(Short text fragments from websites)
⁂

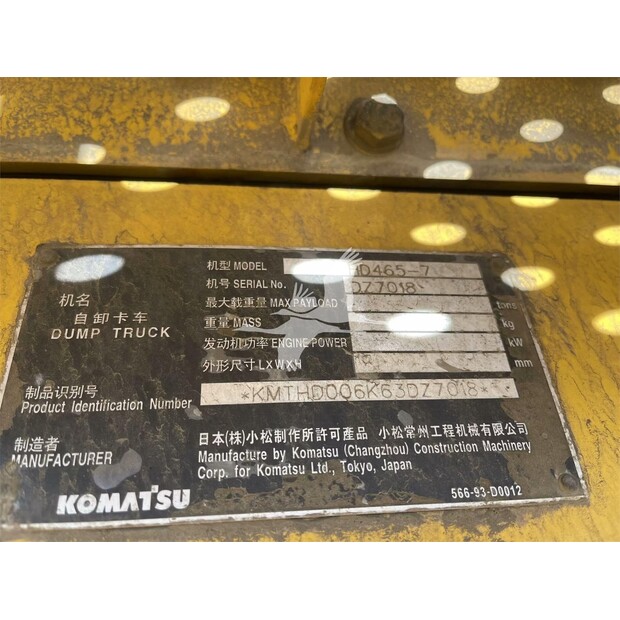 2011 Komatsu HD465-7-41045635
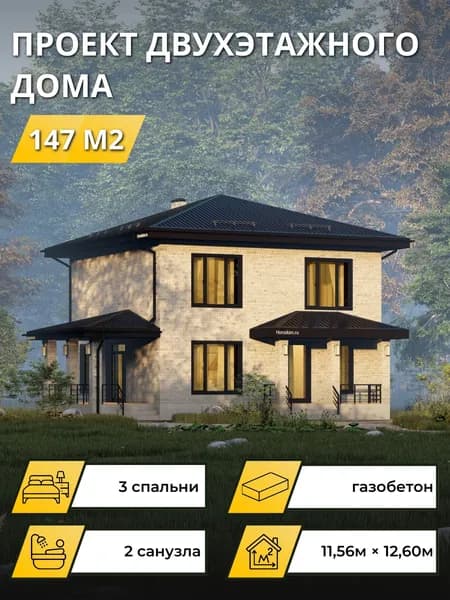 Проект двухэтажного дома из керамического кирпича 147 м2 3 спальни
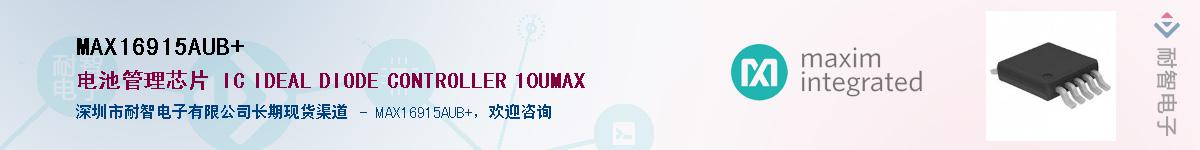 MAX16915AUB+��Ӧ��-���ǵ���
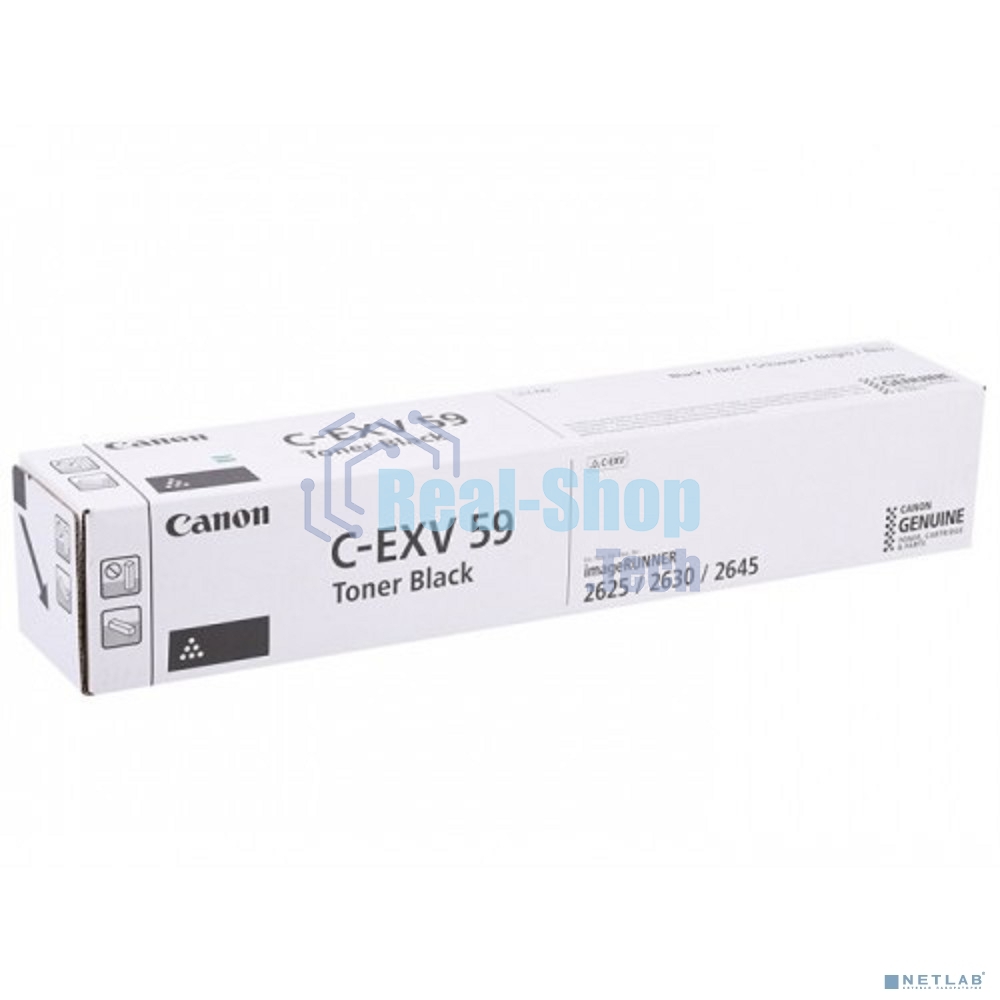 Тонер TONER C-EXV 59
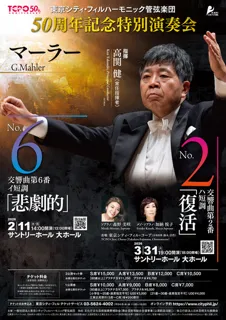 50周年記念特別演奏会 マーラー/交響曲第2番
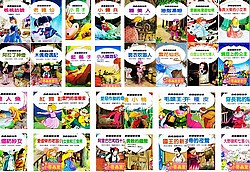  鹿橋童話故事6合1 (24書) (特價品) 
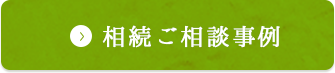 相続ご相談事例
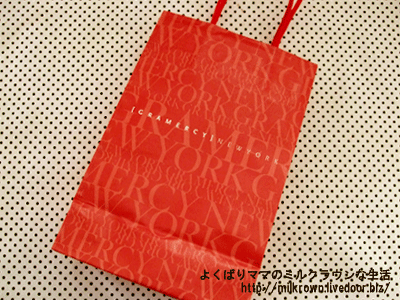 ����ޥ����˥塼�衼��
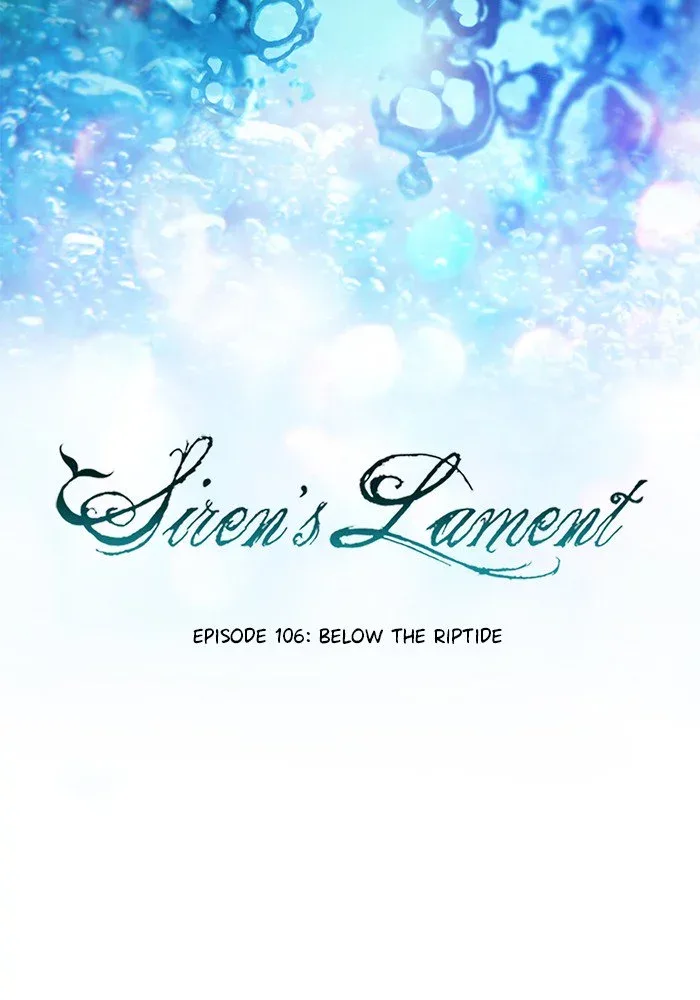 Siren's Lament Chapter 117 page 17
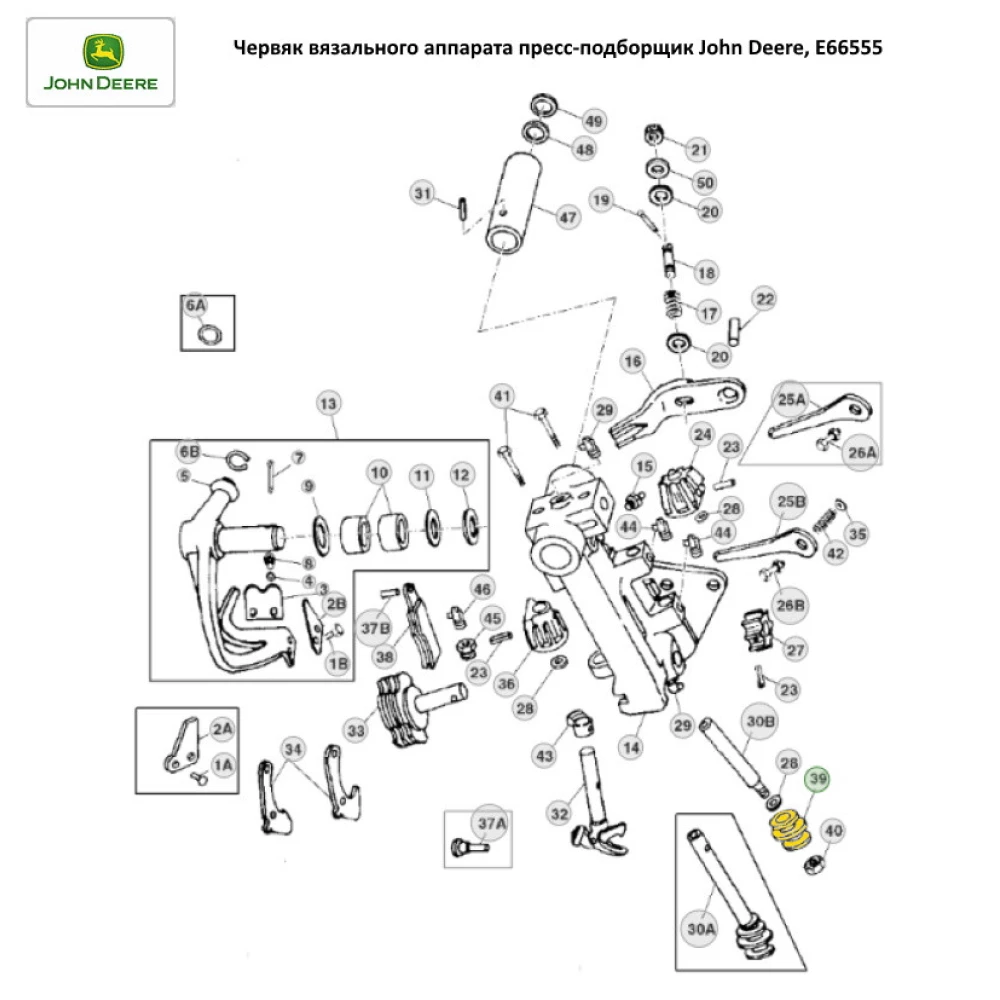 Черв“як в“язального апарату John Deere, CC39567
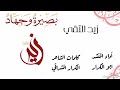 زامل زيد التقي زيد بصيرة وجهاد المنشد ابو الكرار 1445 زامل زيد التقي زيد بصيرة وجهاد المنشد ابو الكرار 1445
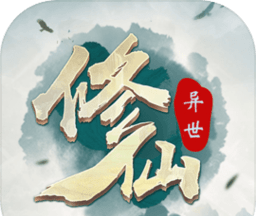 异世修仙录logo图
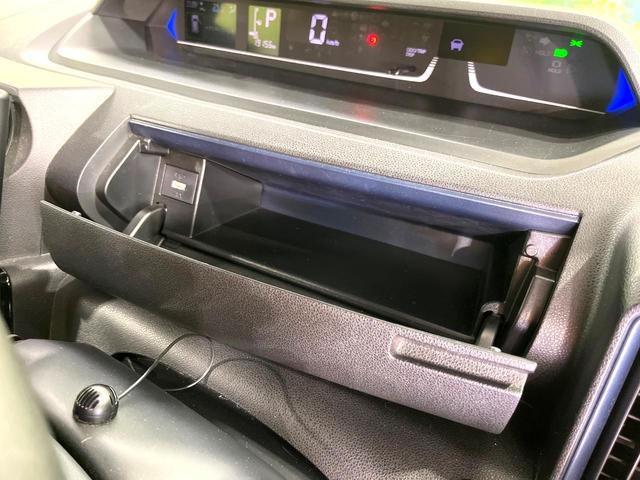 タント カスタムＸ　禁煙車　純正１０インチナビ　全周囲カメラ　両側電動ドア　衝突被害軽減システム　ハーフレザーシート　コーナーセンサー　スマートキー　ＬＥＤヘッド　ＥＴＣ２．０　クルコン　純正１４インチアルミ（45枚目）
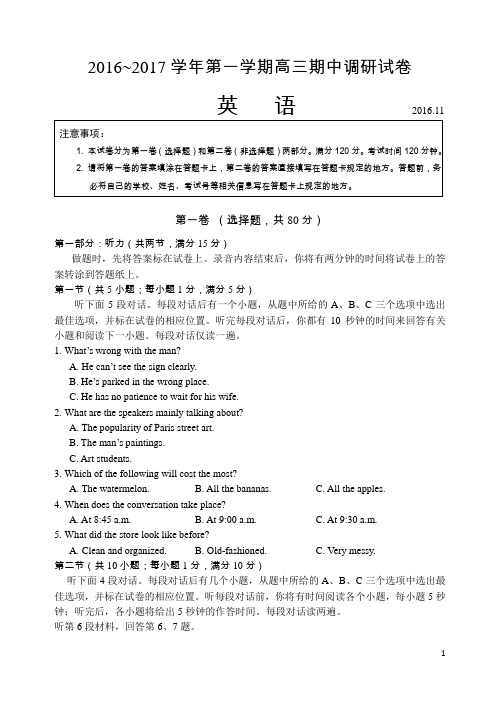 2017届江苏省苏州市高三第一学期期中调研英语试卷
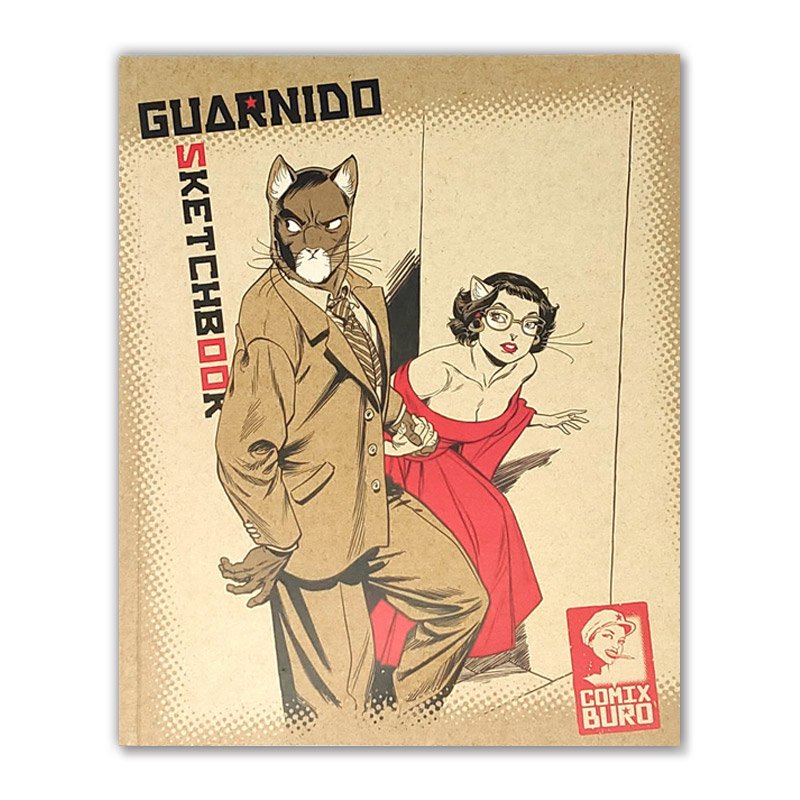 SKETCHBOOK : GUARNIDOʥ˥ɥå֥åˡGUARNIDO JUANJOʥ˥ɡեۡ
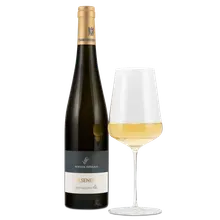 2021 Bockenauer Felseneck Riesling trocken GG 2021 Bockenauer Felseneck Riesling trocken GG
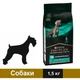 Сухий корм Purina Pro Plan Veterinary Diets EN Gastrointestinal для собак для підтримки здоров’я ШКТ з куркою 1.5 кг - зображення 1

⁂

_What is needed_:
The lines from the one that contains "Siren's Lament Chapter 117 page 17" through the end of the data, repeated exactly and with no pictures, make up the whole answer.

_Written answer_:
 Siren's Lament Chapter 117 page 17
 Черв“як в“язального апарату John Deere, CC39567
 زامل زيد التقي زيد بصيرة وجهاد المنشد ابو الكرار 1445 زامل زيد التقي زيد بصيرة وجهاد المنشد ابو الكرار 1445
 异世修仙录logo图
 タント カスタムＸ　禁煙車　純正１０インチナビ　全周囲カメラ　両側電動ドア　衝突被害軽減システム　ハーフレザーシート　コーナーセンサー　スマートキー　ＬＥＤヘッド　ＥＴＣ２．０　クルコン　純正１４インチアルミ（45枚目）
 2017届江苏省苏州市高三第一学期期中调研英语试卷
 SKETCHBOOK : GUARNIDOʥ˥ɥå֥åˡGUARNIDO JUANJOʥ˥ɡեۡ
 2021 Bockenauer Felseneck Riesling trocken GG 2021 Bockenauer Felseneck Riesling trocken GG
 Сухий корм Purina Pro Plan Veterinary Diets EN Gastrointestinal для собак для підтримки здоров’я ШКТ з куркою 1.5 кг - зображення 1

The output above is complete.